Preparing infrastructure for production workloads requires much more than simply writing HCL though. Factors like collaboration, security, extensibility, and scalability come into play. Ideally, you can set up a system once and possibly tweak it, but you shouldn’t have to rip it up and start over as your needs change over time. HashiCorp built Terraform Cloud to accommodate using Terraform in production. It facilitates a collaborative Terraform workflow that can integrate into your existing DevOps pipeline. Start off for free, and scale up your plan only as your team grows.
This guide walks you through the first basic steps of setting up a Terraform project in production using Terraform Cloud. After reading this guide, you should know how to provision production infrastructure, and have a basic system in place that can accommodate the needs of other roles across your organization.
You will need:
- Basic knowledge of HCL, including Terraform modules and Terraform state. You have written some HCL before, and understand the basics of Terraform configuration files. If you are not familiar with HCL yet, learn more using these Terraform tutorials.
- A Terraform Cloud account.
Consider the teams who will eventually use your projects: operators, architects, developers, and security/compliance.
When you’re first getting started, you’re likely working exclusively with DevOps practitioners. This is ideal. It’s important to recognize that while Terraform allows you to provision infrastructure as code, there is no substitute for starting off with domain expertise in cloud operations.
For the sake of this document, we’re defining future Terraform stakeholders as follows:
Operators are the most frequent users of Terraform. They provision, manage, and destroy the infrastructure used by an organization.
Architects are the operators who are responsible for determining how global infrastructure is divided and delegated to the teams within the business unit. This team also determines how Terraform configurations are broken apart and mapped, and sets organization-wide variables and policies.
Architects may be responsible for initially setting up Terraform at an organization, or may be brought in later to bring order to existing configurations.

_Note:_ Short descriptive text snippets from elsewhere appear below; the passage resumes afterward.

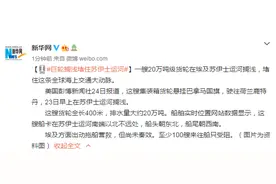 美媒：巨轮搁浅堵住苏伊士运河，至少100艘来往船只受阻图片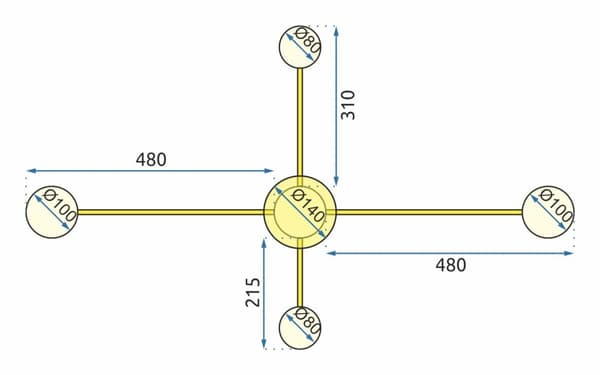 4-ARDET LED-LOFTSLAMPE APP520-4C GULD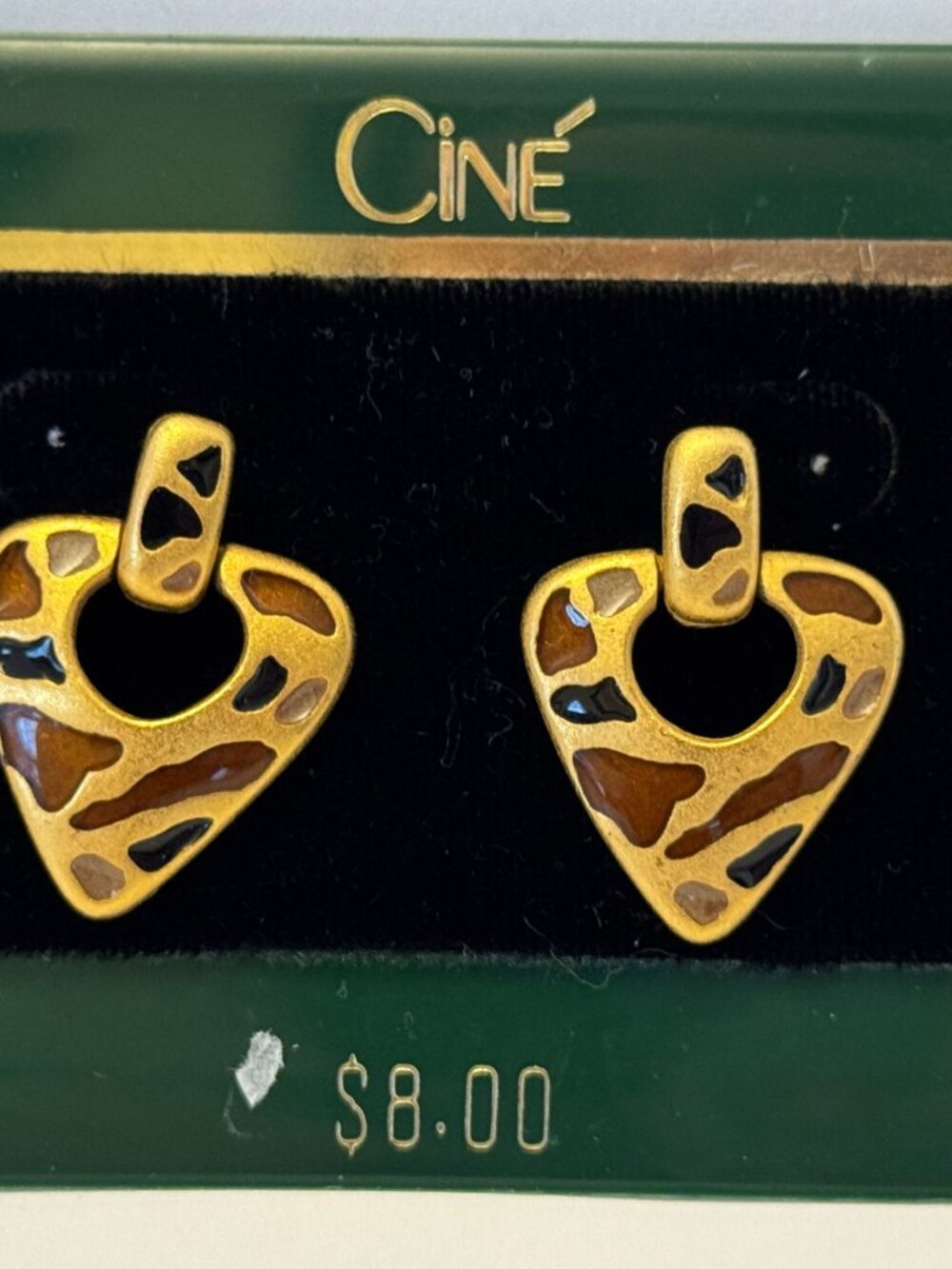 Cine Post Earrings Vintage Leopard Animal Print Triangle Enamel Accent Jewelry - Picture 9 of 9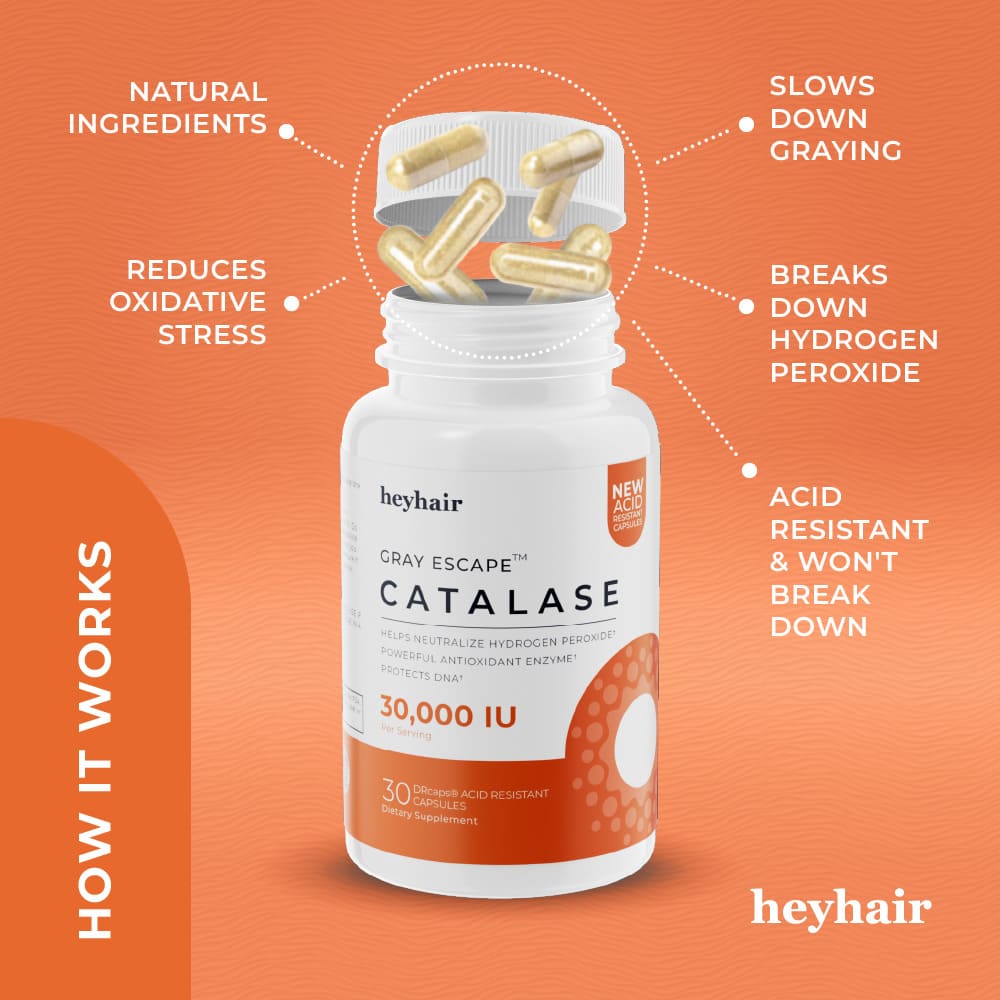 Man smiling and holding a supplement bottle while taking a pill.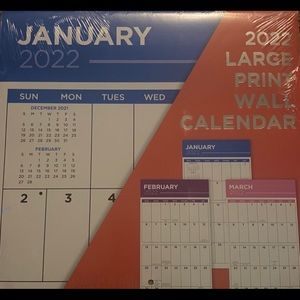 NEW 2022 16 mth Large Print Wall Calendar FREE SHI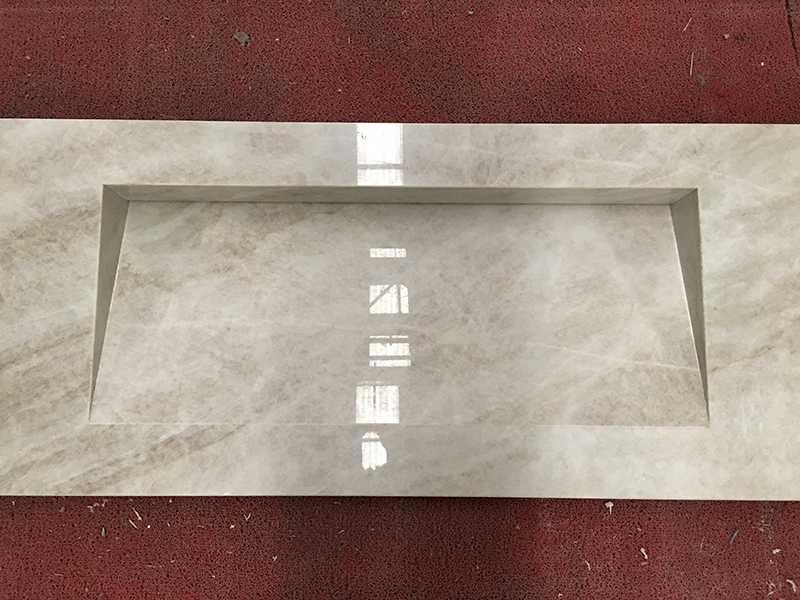 polished taj mahal quartzite bathroom vanity (2) polished taj mahal quartzite bathroom vanity (2)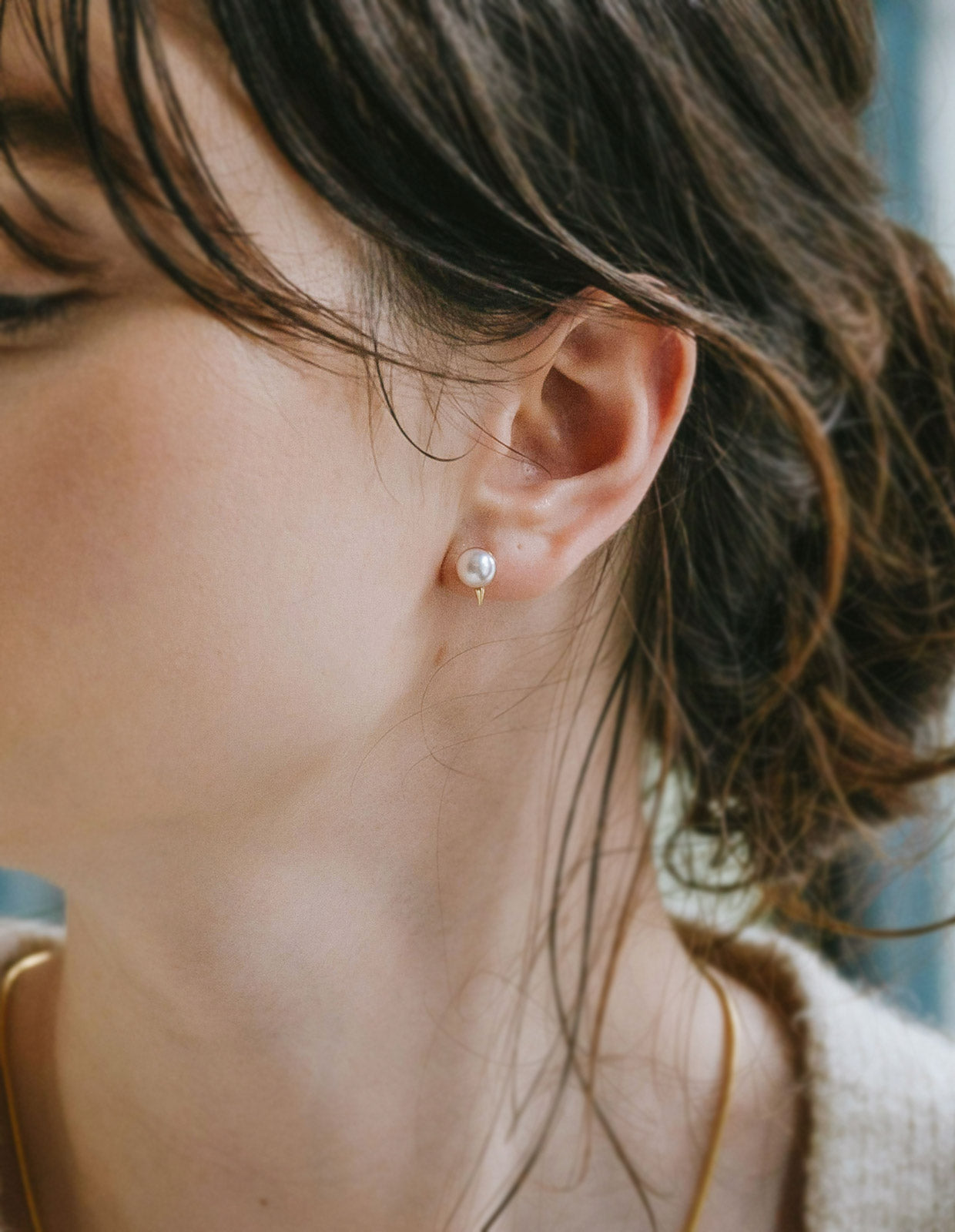 18K Gold Thorny Gold Cap Pearl Earrings | ESPINAS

Developers consume the infrastructure provisioned by Terraform. In some cases, they may use private modules to provision infrastructure themselves. This is an advanced use case, but it is helpful to understand upfront.
Security and compliance teams ensure that all infrastructure changes adhere to respective guidelines for their organization. These teams generally write Sentinel policies, rather than Terraform configurations. You’ll need to consider these roles when setting up Terraform Cloud workspaces as well as their permissions, which we’ll get into later.
Stage 1: Build
Start with a single project first. It’s especially helpful if it is a greenfield project.
Once people get started with HCL, many users instantly start planning a complete import of all of their infrastructure. This can be overwhelming, especially when you consider dependencies, integrations with other tools in your workflow, the needs of other teams, avoiding downtime, etc.
Start with a single app’s infrastructure. This could be a greenfield project, or perhaps an older project that is not mission critical to your company. You should be able to experiment and break things without it impacting your company very much.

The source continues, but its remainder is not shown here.